From Peter Tchir of TF Market Advisors
Since last Thursday, the government bailout rally trade has been on. Last Thursday, the EU announced a new round of bailouts for themselves. That sparked a rally, it also sparked lots of talk about S&P 1,400. Lots of people I spoke to, were talking about the parallels to the end of June where stocks shot up 5% in the last week of trading. The catalyst for the next move higher was 'obvious' to everyone, the debt ceiling limit would be raised and stocks would be off to the races. Since then, every time the longs have popped up their heads, the market has found a reason to smack them down.
The European rally barely lasted 24 hours. On Thursday SOVX gapped 35 bps tighter. Friday morning, it had moved another 35 tighter, only to close unchanged on the day. It is now only about 20 bps tighter than where it closed last Wednesday. In the real world, Italian and Spanish bonds are back under pressure and close to their pre bailout level. Maybe the bailout would work if the IIF had actually released any real details by now. Maybe some details on what EFSF would actually do or could really hope to accomplish would also have helped, but the only thing that has come out on the EFSF is that some EU members, and finance ministers, are nervous about creating a piggy bank for the PIIGS.
In spite of some weakness in stocks on Monday and Tuesday, it was clear that investors were still betting on a relief rally from the debt ceiling crisis being resolved. No one seemed to really believe that it wouldn't be resolved, and actually were happy to see markets weaker as it gave them a buying opportunity. By Wednesday it was clear that everyone was either long or less short than they would like, but were still reluctant to do much about it because they just knew that Washington would come to the rescue.
Washington will ultimately come to some form of 'compromise' on the debt ceiling. Just like last year when we kept the Bush tax cuts and created some new payroll tax cuts, the rest of the world will be left scratching their heads wondering how Washington defines compromise. Will we still get the relief rally?
That is the question we need to figure out now. Any hype about whether or not we will get a solution is just hype. Their will be a solution, but it will do nothing to appease the rating agencies, and more and more, will it do much to appease investors? The European situation is clearly deteriorating again. The realization that the headlines sounded good, but the actual benefits were less clear when analyzed closely, and that the plan is not easy to implement, is weighing on Europe. The economic data, here, and in Europe has been mediocre, so that will make it harder to get a big spike in stocks after any solution.
Bernanke and the Fed have to re-evaluate the grade they gave to QE2. How we have such a massive revision in Q1 GDP is hard for me to understand. Seriously, we need to find a way to get better data, but with a 0.4% quarter right in the heart of QE2, it is clear it did nothing to help the real economy. And yes, it is getting old, but I will say it again, the market is not the economy.

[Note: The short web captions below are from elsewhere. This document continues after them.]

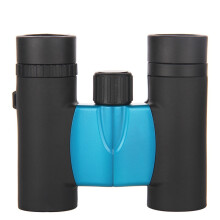 10x22Powerful Binoculars for Adults with Clear Low Light Vision - Large View Eyepiece Binoculars(Black)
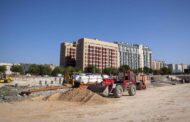 Nuevos campos de Rugby en el Ensanche de Vallecas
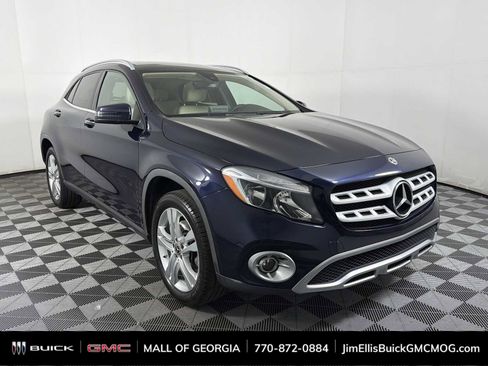 Used 2018 Mercedes-Benz GLA 250 image 1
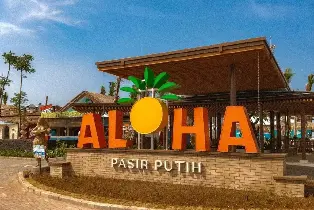 雅加達水族館和雅加達Pantai Indah Kapuk半日遊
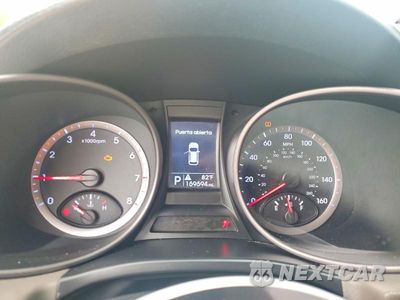 Zdjęcie 9 z 13 samochodu: 2015 HYUNDAI SANTA FE SPORT 2.4L VIN:5XYZT3LBXFG248501 - miniatura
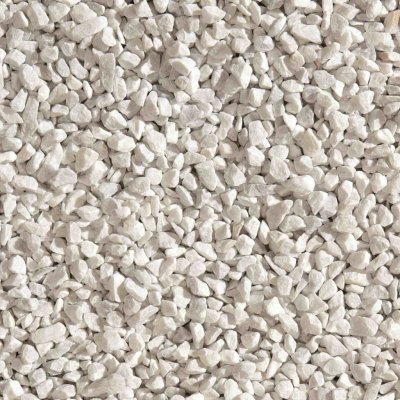 Granulati Zandobbio Okrasná drť Bianco Carrara 8 - 12 mm 25 kg – Sleviste.cz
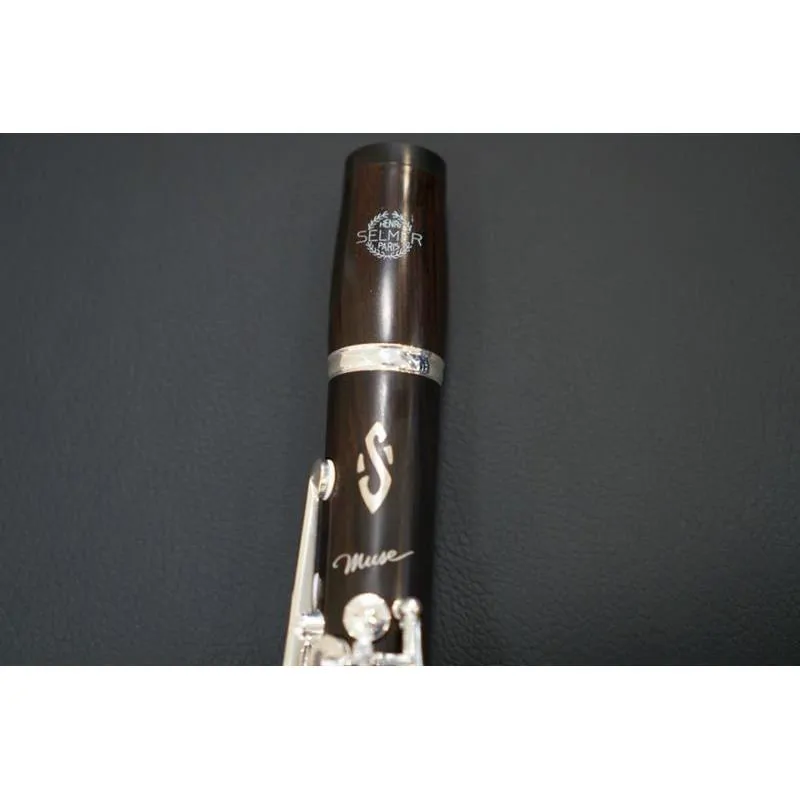 Henri Selmer Paris Henri Selmer Paris Klarnet B MUSE - Evolution - zdjecie 6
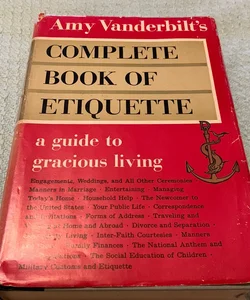 Complete Book of Etiquette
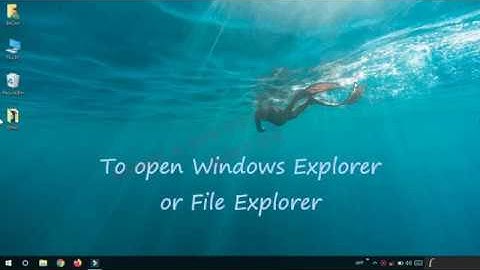 CLASS 5 EXPLORING WINDOWS 10 PART 2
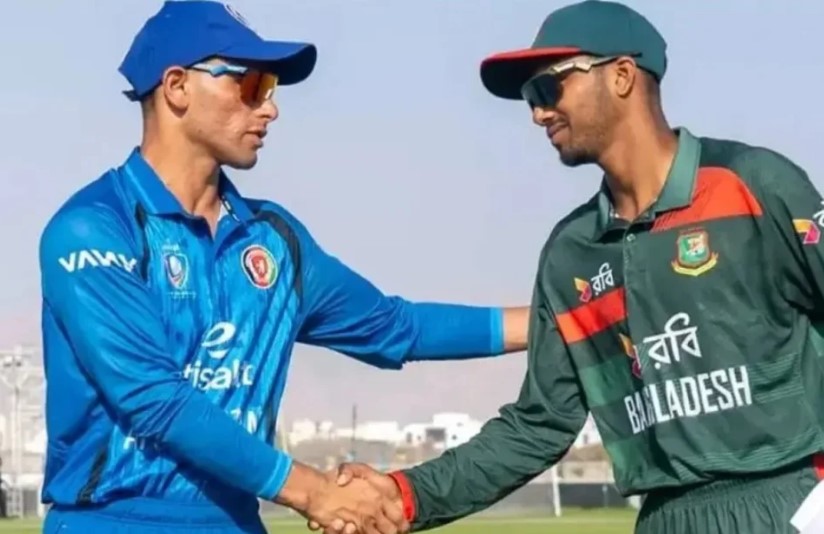 আম্পায়ারিং নিয়ে অভিযোগ আফগানিস্তানকে বিসিবির চিঠি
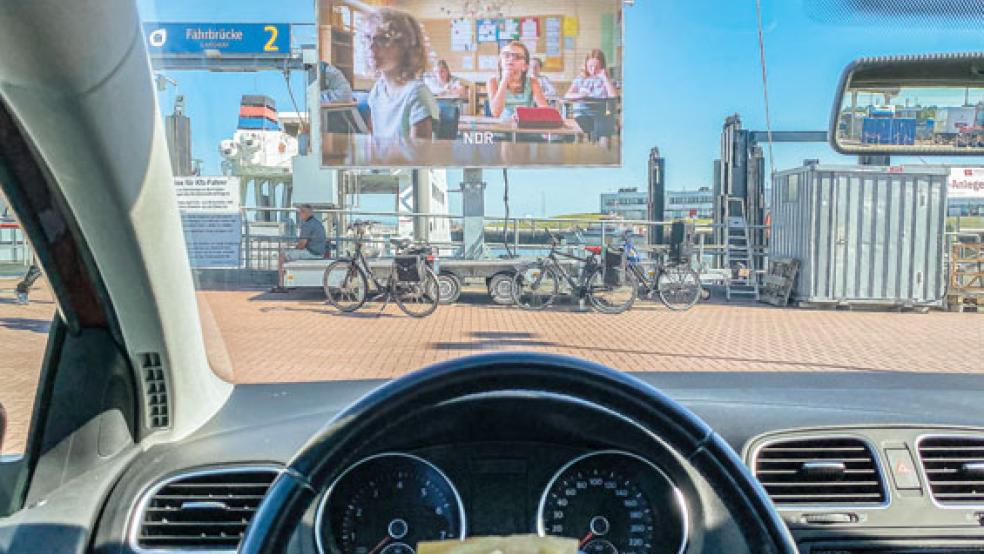  © Foto: Reederei AG Norden-Frisia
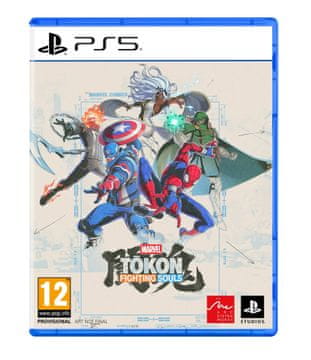 Sony Marvel Tokon: Fighting Souls igra (PS5)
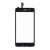 Touch Screen Digitizer For Panasonic P91 Black By - Maxbhi Com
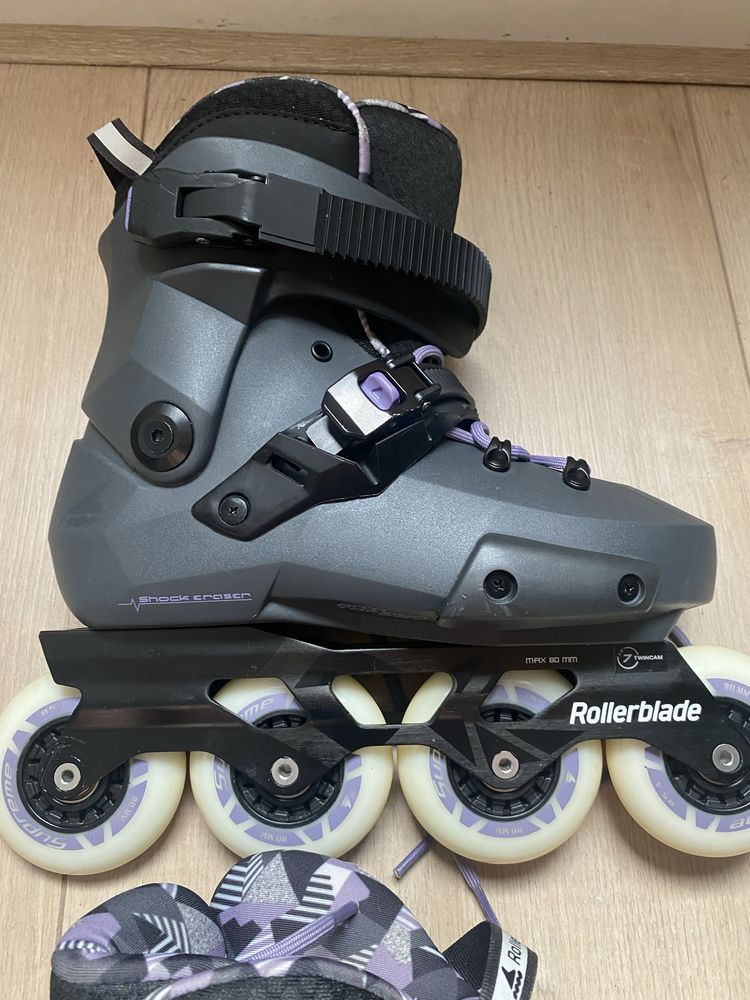 Rolki Rolleblade Twister Edge rozmiar 38.5
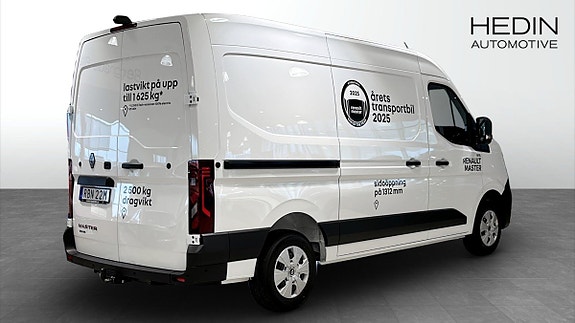 Renault Master 2 of 5
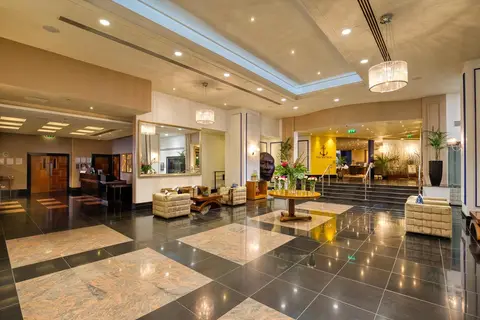The Chelsea Harbour Hotel in Londen — foto 2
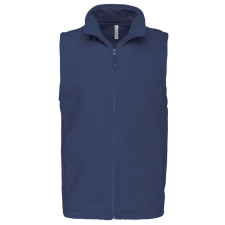 KARIBAN KA913 LUCA - MEN&- 039;S MICROFLEECE GILET 4XL férfi mellény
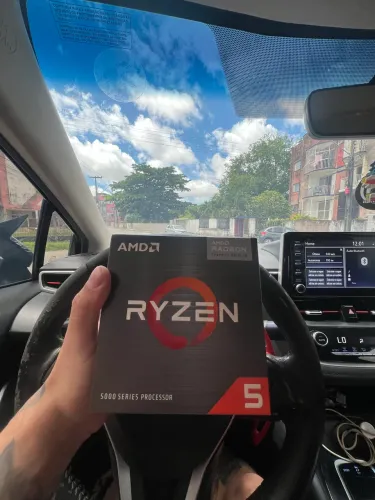 Ryzen 5 5600gt novo nunca usado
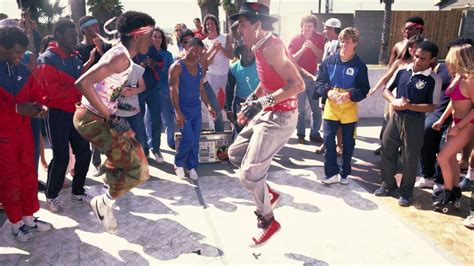 ‎Breakin' (1984) directed by Joel Silberg • Reviews, film + cast • Letterboxd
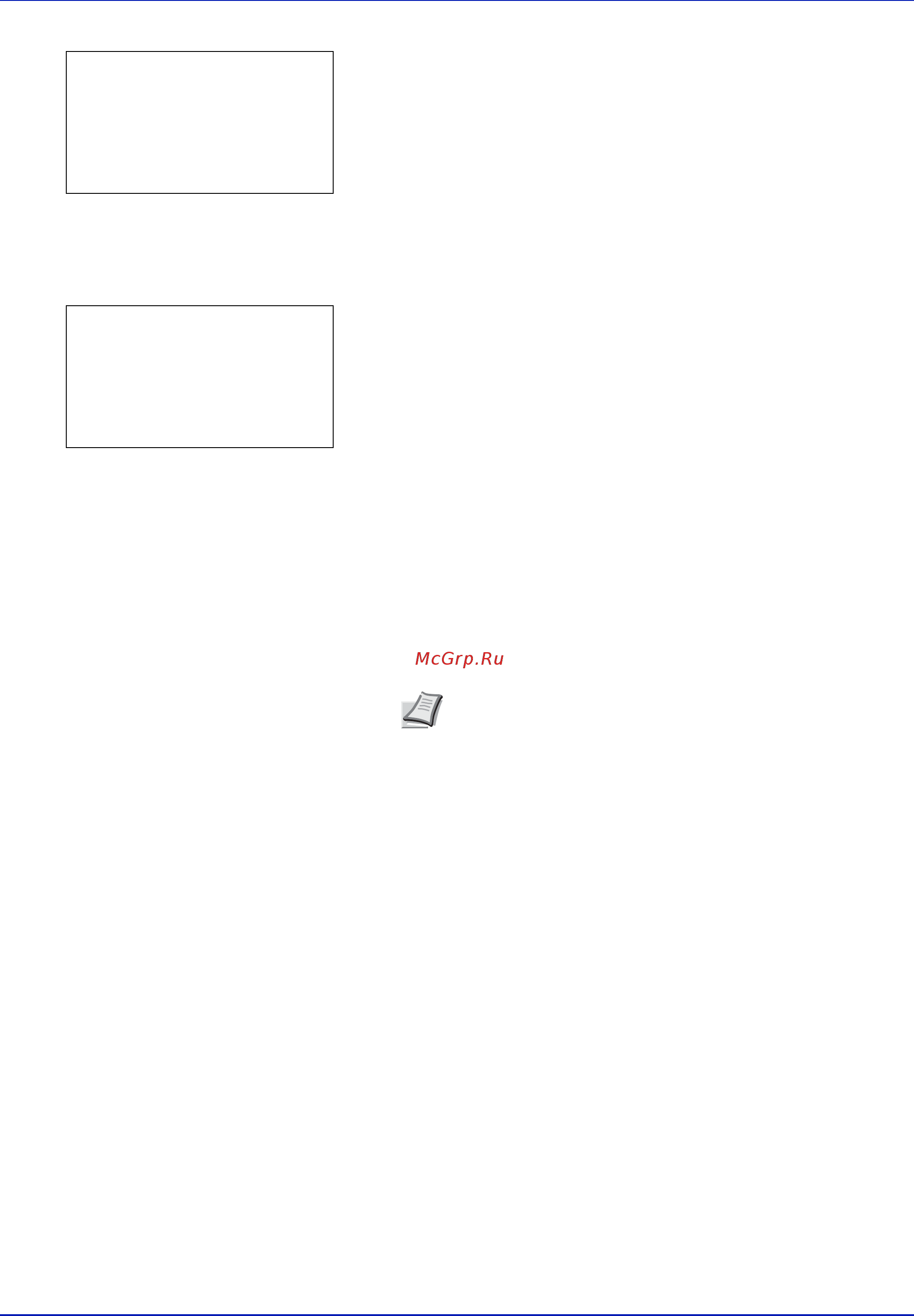 Kyocera ECOSYS FS-2100DN [28/133] Печать страницы состояния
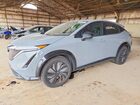 2024 Nissan Ariya Platinum + Gray vin: JN1DF0CD2RM736204
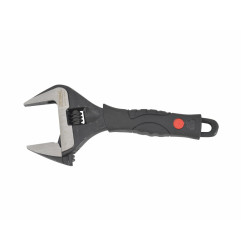 ADJUSTABLE WIDE JAW SPANNER WRENCH 165mm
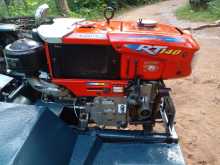 Kubota RT 140 2012 Tractor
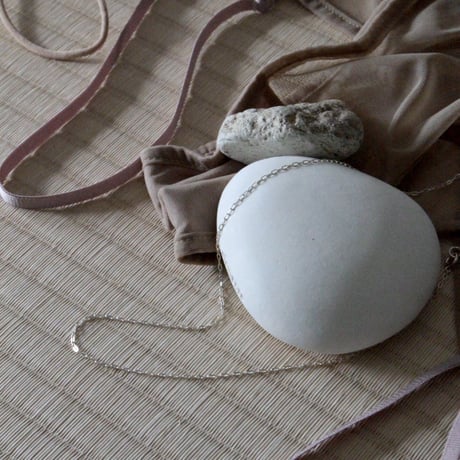 norme necklace (Bold) / SV925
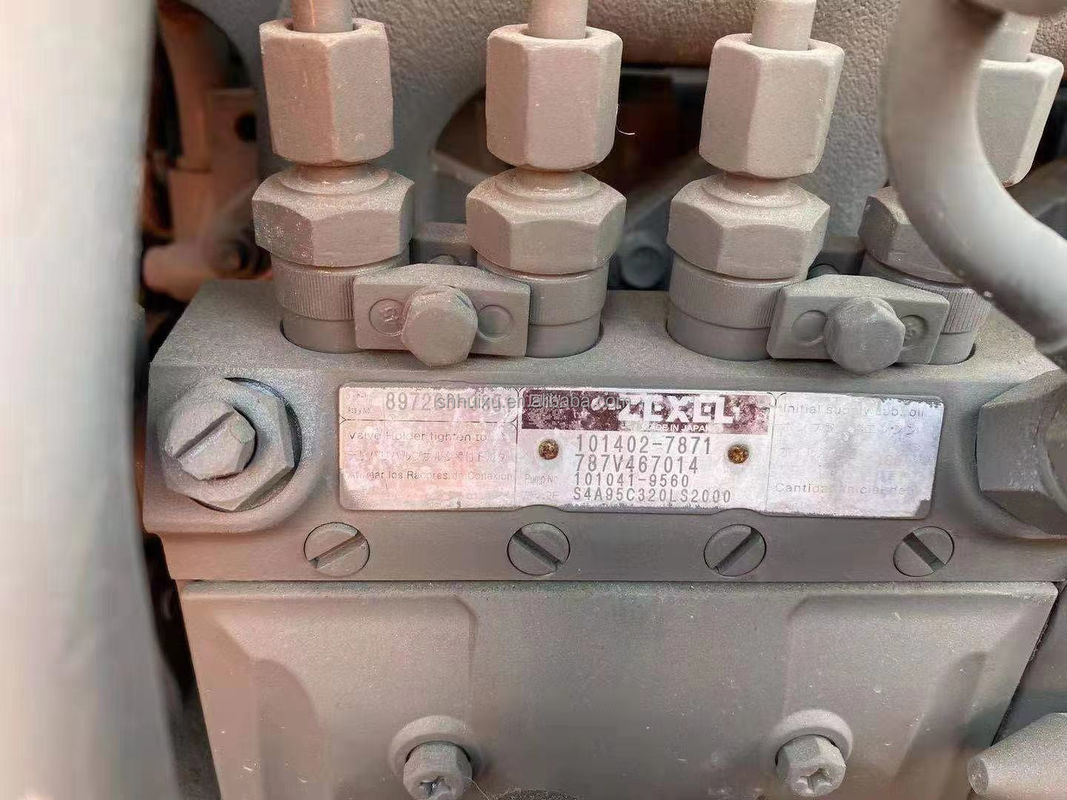 Hitachi Warme verkoop Hoge kwaliteit Hitachi ZX70 tweedehands hydraulische kruipgraver/gebruikte minigraver Hitachi ZX70 Goedkope prijs
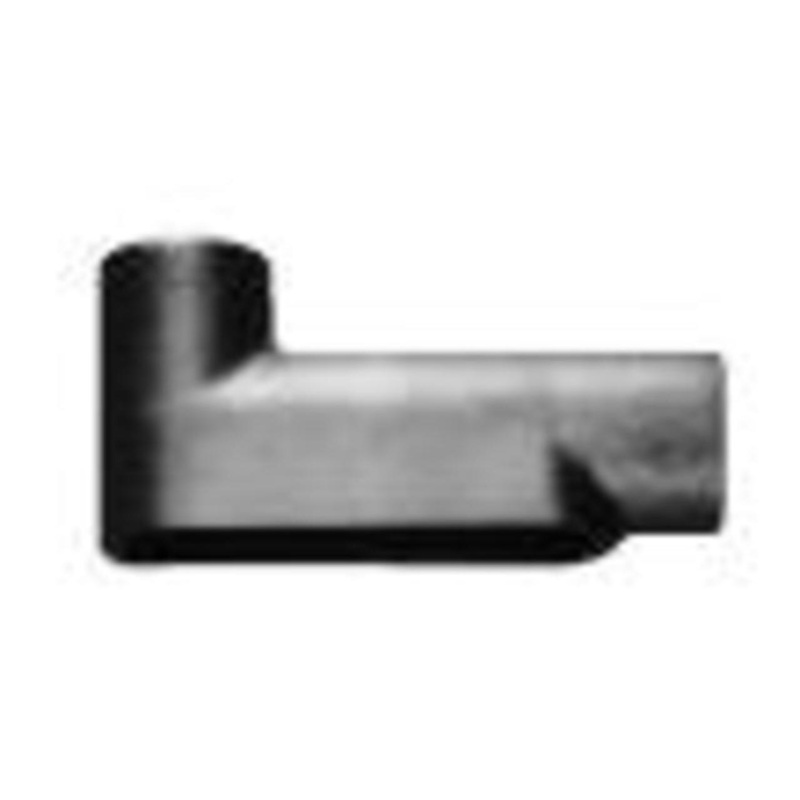 1 LB FORM 7 AL THRD RIGID OUTLET BODY By Cooper Crouse-Hinds LB37-SA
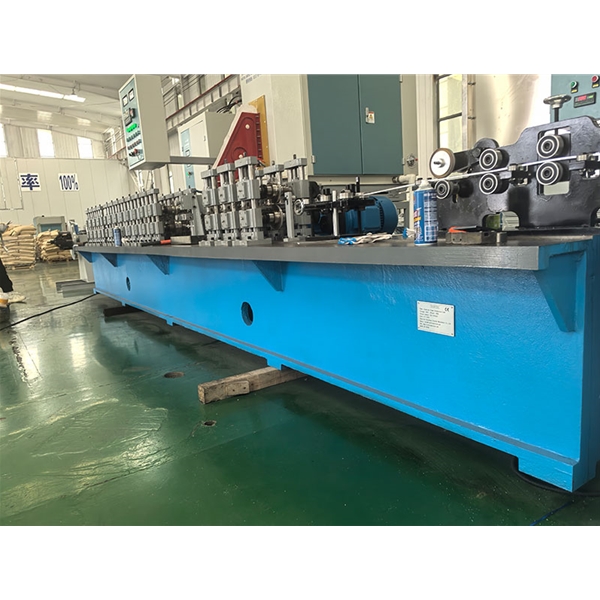 北京高频焊铝隔条生产线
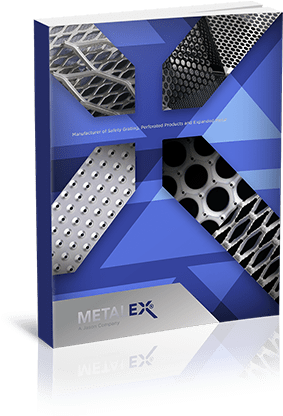 Perforated Metal Drawings - Company (300x432), Png Download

I am now cutting all my short. I had cut some coming into this week, as I was scared of the rally, but kept enough on that I can't complain too much. I am flat and tempted to go long. We've had a big move, and government resolution is likely to come, but it feels like that is a crowded trade. No one seems really afraid, and everyone seems to expect a bounce. Just because everyone expects it, doesn't make it wrong, but I'm concerned that all the longs will pop out of their holes the second a deal is announced. They will look around for someone to panic and take them out of their positions on the debt ceiling news. Then they will look some more, and then realize that no one is caught short or surprised and they will scurry to get out of their positions. Well, I just convinced myself to go back to putting on a small short.